Could she be battling pnd? I would give them the benefit of the doubt and take food, but I would ignore your dh and just get some nice bits from the supermarket.

That doesn't explain why her DP cant knock a few sandwiches together.

Honestly OP. Assuming you'll all be having breakfast in the morning, I'd just tell them you'll arrive after lunch and pack sandwich and a piece of fruit for the journey.

Otherwise the focus of this whole visit will shift from simply visiting friends and their baby, to hassles over food.

mrsmortis · 22/04/2016 11:36

If that was me and I'd asked you to bring lunch then I'd be expecting you to pick something up from the supermarket next to the station after you'd got off the train.
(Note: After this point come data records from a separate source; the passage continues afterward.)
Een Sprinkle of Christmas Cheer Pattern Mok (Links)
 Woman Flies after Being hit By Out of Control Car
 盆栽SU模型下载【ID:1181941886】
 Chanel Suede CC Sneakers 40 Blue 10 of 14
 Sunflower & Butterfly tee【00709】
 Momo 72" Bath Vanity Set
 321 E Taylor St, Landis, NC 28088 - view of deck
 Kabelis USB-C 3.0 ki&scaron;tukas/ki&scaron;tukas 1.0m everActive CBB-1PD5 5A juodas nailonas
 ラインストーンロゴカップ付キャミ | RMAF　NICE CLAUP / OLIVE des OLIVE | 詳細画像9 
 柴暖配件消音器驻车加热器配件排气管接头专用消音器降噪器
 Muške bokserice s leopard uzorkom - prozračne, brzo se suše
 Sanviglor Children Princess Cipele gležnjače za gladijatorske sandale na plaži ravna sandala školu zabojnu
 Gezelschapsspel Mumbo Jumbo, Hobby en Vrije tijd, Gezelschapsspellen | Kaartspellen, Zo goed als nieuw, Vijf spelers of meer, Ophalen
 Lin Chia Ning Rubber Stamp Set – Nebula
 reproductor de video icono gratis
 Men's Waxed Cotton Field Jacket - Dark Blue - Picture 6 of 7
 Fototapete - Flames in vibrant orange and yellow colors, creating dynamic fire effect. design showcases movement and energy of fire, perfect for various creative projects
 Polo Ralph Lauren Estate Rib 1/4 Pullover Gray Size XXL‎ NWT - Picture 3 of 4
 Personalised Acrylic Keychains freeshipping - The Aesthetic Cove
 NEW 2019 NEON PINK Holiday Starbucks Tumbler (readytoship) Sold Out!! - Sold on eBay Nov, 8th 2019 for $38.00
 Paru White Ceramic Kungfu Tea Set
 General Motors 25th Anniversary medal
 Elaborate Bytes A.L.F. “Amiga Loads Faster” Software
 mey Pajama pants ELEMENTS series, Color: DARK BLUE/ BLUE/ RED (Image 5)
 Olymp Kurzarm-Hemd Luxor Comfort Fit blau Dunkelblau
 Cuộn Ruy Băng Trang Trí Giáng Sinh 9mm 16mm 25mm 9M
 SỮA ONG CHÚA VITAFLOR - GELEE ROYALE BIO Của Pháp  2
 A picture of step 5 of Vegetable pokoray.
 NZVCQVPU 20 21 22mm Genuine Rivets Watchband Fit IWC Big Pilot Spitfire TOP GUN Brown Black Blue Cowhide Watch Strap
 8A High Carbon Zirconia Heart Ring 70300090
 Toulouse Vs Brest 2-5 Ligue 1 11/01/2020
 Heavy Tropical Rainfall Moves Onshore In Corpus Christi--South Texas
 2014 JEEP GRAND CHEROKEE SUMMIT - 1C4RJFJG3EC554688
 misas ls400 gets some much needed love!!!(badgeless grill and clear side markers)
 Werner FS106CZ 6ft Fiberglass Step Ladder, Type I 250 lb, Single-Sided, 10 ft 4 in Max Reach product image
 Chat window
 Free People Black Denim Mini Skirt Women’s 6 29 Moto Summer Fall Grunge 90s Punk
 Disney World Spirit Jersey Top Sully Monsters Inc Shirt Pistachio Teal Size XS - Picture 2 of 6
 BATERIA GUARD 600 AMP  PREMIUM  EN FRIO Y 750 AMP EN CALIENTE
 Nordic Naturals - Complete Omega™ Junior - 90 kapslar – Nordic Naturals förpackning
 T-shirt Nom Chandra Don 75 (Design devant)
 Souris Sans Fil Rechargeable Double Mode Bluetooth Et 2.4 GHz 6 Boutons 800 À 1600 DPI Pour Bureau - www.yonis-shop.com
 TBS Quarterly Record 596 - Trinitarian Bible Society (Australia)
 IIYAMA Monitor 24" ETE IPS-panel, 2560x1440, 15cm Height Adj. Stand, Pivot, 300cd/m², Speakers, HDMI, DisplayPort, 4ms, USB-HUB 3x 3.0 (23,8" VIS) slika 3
Not carry something all the way from home.

Not that I'm sure why they are asking in the first place. Unless they've been away somewhere and are only expecting to get back a short while before you arrive?

MaebeB · 22/04/2016 11:37

She could be, flanjabelle, though of course I hope not, and if so surely her OH could help?

Anyway, OH has suggested making pizzas i.e. taking dough and toppings to make (picking up bits would be my choice but OH is a bit of a foodie and loves to cook) which could be a good compromise.

(On a side note, am I the only person, even if not pregnant, who would end up eating their own arm off if they left the house at 9.30 after breakfast, and didn't get home till maybe 6-7pm, and only had a snacky-type lunch in the middle? Starting to wonder if everyone else gets buy on a lot less food than me Blush)

OP posts:
AugustaFinkNottle · 22/04/2016 11:38

Why on earth does your husband think it's rude to buy it from the supermarket near their house but not rude to buy it from the supermarket near yours?

figureofspeech · 22/04/2016 11:39

I'd have lunch out and pop in for tea & biscuits. Your friends are rude, lazy & entitled. They suggested that you bring a picnic lunch when they have a supermarket at their doorstep & can quite easily do it themselves. Just lazy & thoughtless.

TiggerPiggerPoohBumWee · 22/04/2016 11:39

Could she be battling pnd? I would give them the benefit of the doubt

Even if she is, she has another adult there who can make food. And the thing is...they must eat if they don't have visitors, yes? They would be having lunch tomorrow whether people come to see them or not, they haven't lived on fresh air for the last three months! So whatever they would make for themselves they could just make a bit bigger surely?
Some people are just obliviously cheeky. I would honestly rather starve than be so rude as to ask my guests , who have 4 hour public transport round trip to come and see us, to bring the entire lunch with them. I would shrivel up and die from embarassment if I ever lost my mind enough to suggest such a thing.